Revisor
É uma dessas "bocas" incansáveis que todos desejamos calar.
Um estereótipo de autoridade enraizado ao longo dos séculos nas sociedades: o irrepreensÃvel bigode, a imaculada farda, o andar determinado, a postura de braços - cowboy em permanente duelo com os passageiros, a virilidade com que empunha o obliterador de bilhetes (a "arma") , tudo temperado com arrogância a rodos.
A entrada do revisor agita o filme, desequilibra a monotonia que o vaivém do comboio e a paisagem bucólica tendem a instalar.
A confusão que gera com o bilhete de Jonas força os passageiros a dialogarem, a assumirem posições, a exporem-se.
O revisor não teme gatunos ou bandidos. Nem sequer assassinos. Muito menos essas "americanices" modernas dos "cerealquileres".
Quando lhe cheira a esturro, telefona da próxima estação para uma esquadra e fazem-lhe uma "espera". Se for preciso também põe o assassino de molho com a chave inglesa.

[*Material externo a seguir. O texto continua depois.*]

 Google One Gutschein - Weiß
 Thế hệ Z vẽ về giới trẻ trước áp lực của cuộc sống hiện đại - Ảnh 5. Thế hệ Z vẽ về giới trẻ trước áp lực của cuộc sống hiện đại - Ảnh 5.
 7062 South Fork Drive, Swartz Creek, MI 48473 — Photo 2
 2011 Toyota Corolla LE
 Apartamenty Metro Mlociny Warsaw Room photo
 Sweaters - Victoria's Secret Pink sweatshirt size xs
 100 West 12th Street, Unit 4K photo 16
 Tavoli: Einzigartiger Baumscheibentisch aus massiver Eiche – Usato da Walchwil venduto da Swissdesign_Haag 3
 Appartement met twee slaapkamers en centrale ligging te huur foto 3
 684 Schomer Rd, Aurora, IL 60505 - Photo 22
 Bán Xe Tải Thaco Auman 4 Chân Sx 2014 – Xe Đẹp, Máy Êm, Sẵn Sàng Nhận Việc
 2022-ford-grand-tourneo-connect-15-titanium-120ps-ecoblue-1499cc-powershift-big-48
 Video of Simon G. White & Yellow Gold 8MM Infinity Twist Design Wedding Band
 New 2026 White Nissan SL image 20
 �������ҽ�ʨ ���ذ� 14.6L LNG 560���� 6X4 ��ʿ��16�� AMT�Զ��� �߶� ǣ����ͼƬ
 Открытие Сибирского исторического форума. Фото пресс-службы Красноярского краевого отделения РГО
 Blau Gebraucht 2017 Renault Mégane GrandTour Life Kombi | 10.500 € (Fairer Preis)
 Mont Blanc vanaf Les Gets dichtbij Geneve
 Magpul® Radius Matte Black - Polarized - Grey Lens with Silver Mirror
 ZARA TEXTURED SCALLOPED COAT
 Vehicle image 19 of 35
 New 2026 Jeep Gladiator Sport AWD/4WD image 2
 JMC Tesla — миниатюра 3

Infelizmente, o Revisor nunca pressentirá nenhum assassino.
Provavelmente até já lhe picou algum bilhete, mas está tão seguro de si que quando chegar a sua vez lhe caiam os bigodes.
O revisor "fala pelas costas", enfia-se pelo colarinho dentro, desaparece em bicos dos pés, regressa furtivo, resmunga o horário amargo que não sabia de cor e volta a desaparecer incapaz de pedir desculpa. Os revisores deste mundo não pedem desculpa. Por isso, o contributo para a universalidade de "A Suspeita" é enorme, apesar de o filme ser tão genuinamente português.